昨日は週末に崩した体調がまだ回復してなかったし、特に優先して見たいと思う試合が無かったので、NHKスペシャルや内田が出ていた「アスリートの魂」、香川と清武、柿谷のセレッソ特番、そして2週連続で放送された本田の「プロフェッショナル仕事の流儀」後半を1.5倍速を混ぜながらまとめて見てみた。

自分自身は、選手はピッチ上での表現が全てであると思っているので言動や生活なんかはどうでも良くて、普段は地上波の選手が出場するバラエティややべっちとかは全くと言って良いほど見ないんだけど、ここ最近のマスコミから漏れてくるインタビュー記事や、これらの番組を見ていて以前から持っていた疑念が何となく晴れたような気がした。

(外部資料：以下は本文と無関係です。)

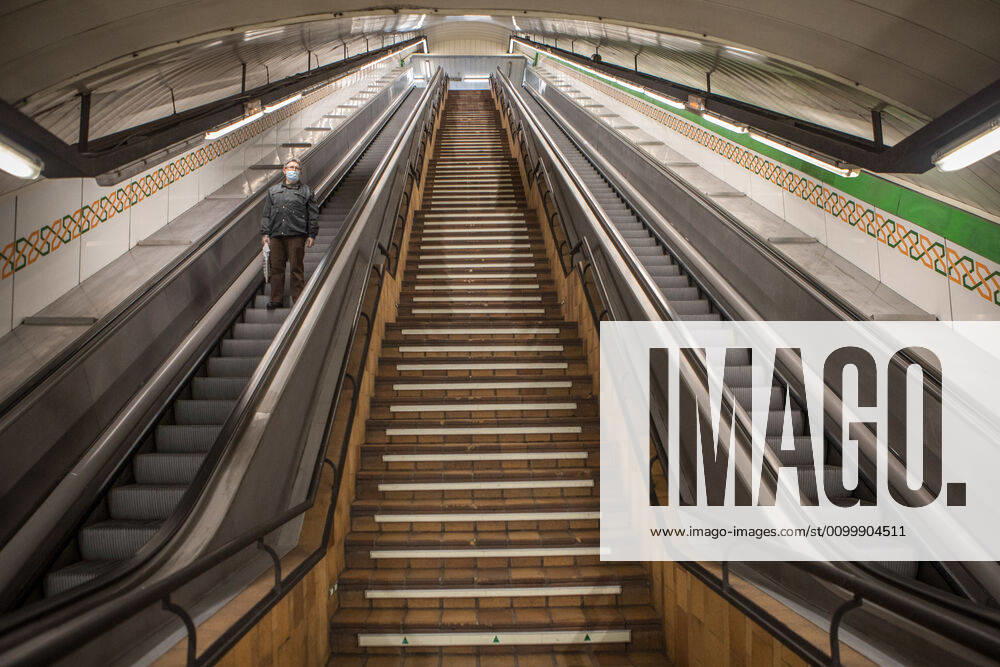 A man using the empty access escalators of the Madrid Metro Station during the covid 19 crisis..Day 41 of the state of alarm due to the Coronavirus health crisis. Spain has had more than 200,000 confirmed cases of COVID-19 and over 20,000 reported deaths. Daily deaths from coronavirus have dropped in the last 24 hours to 367, the lowest rate in a month. Madrid Spain - ZUMAs197 20200424_zaa_s197_213
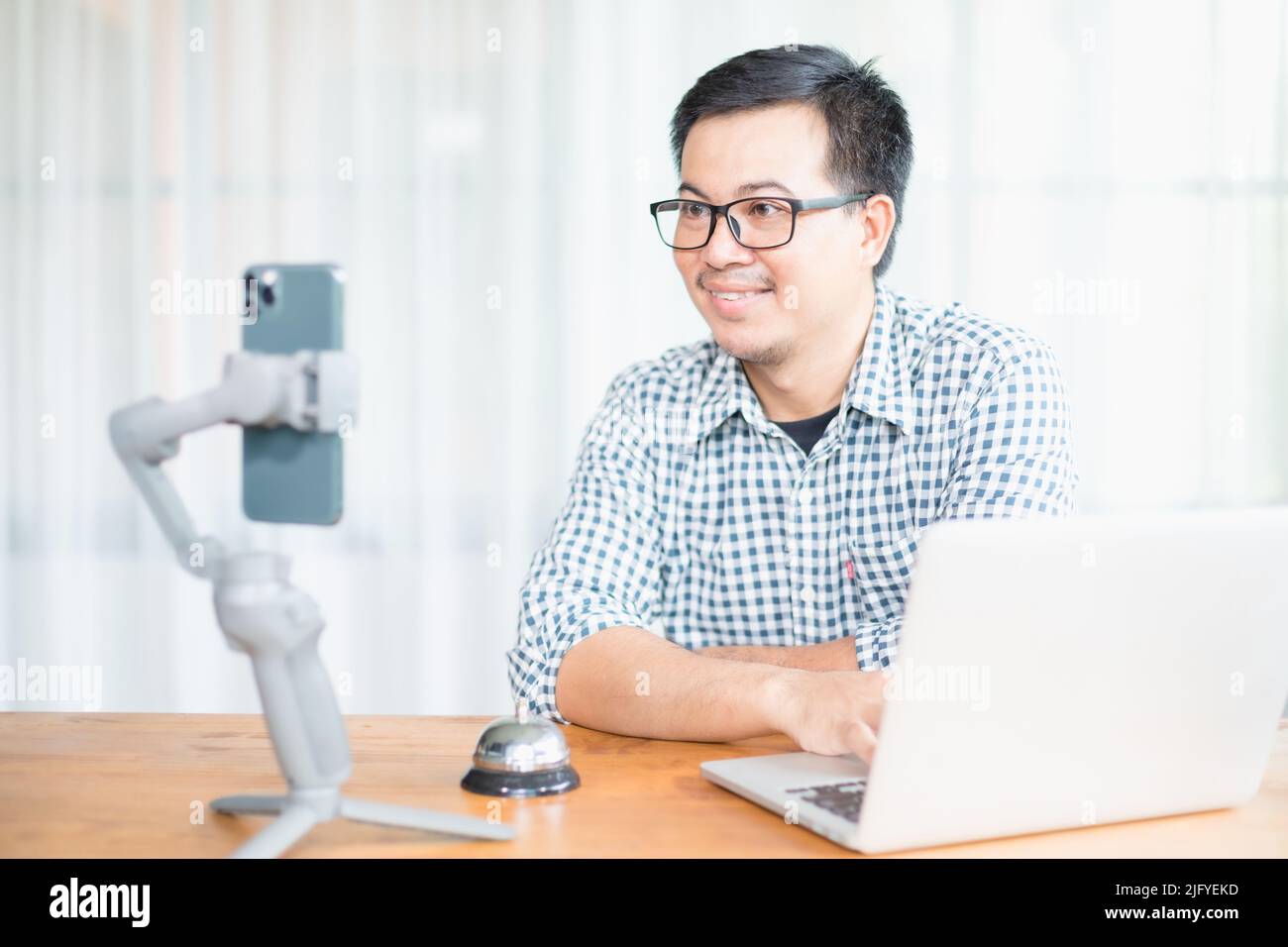 Uomo asiatico che cerca di smartphone per comunicare mentre lavora a casa in situazione di Corona Virus Disease (COVID-19). Lavoro da casa e sano conce Foto Stock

それは、今の日本代表のサッカーが、良い意味でも悪い意味でも妥協の末に生まれているのだなと言う事である。

今の代表における攻撃性と守備の脆弱性を見て、ザックがイタリア人監督らしくないと評される事が多いのだが、おそらくザックの本意は今のサッカーでは無いのだと思っている。そもそも、ザックが得意とする3-4-3という戦術は左右のポジションチェンジがほとんど無く、3トップのウイングと中盤のサイド、まれにCBのサイドがオーバーラップする縦のポジションチェンジでスピーディに攻め込み、相手のDF組織が揃う前にクロスを上げるというサッカーで、日本の流動的なショートパスサッカーとは指向が正反対である。

縦のポジションチェンジであれば守備のバランスは大きく狂わないし、時間と手数をかけずに早く攻め切る事で無用な穴を守備に開ける事は無くなる。これが、イタリア人指揮官本来のフィロソフィだったはずだ。ところが、何度3-4-3をトライしても上手く行かなかったし、本田を中心とする選手の考えは完全なショートパス指向。それで、本田とザックの間で何回も意見のぶつかり合いが生まれ、チームが崩壊しかけたセルビア戦後に選手だけのミーティングで再度方向性を固める必要があったのだろう。

これがトルシエだったらブチギレ、ジーコだったら我関せずになっていたのだろうが(笑)、幸いにして聞く耳と柔軟性を持ったザックは選手の意思を最大限に尊重しながら、何とか守備で破綻しない方向へとチームをまとめ上げる方向に腹をくくったのではないかと思う。だからこそ、フィジカルや高さよりも運動量とアジリティにこだわった人選を行ったのだ。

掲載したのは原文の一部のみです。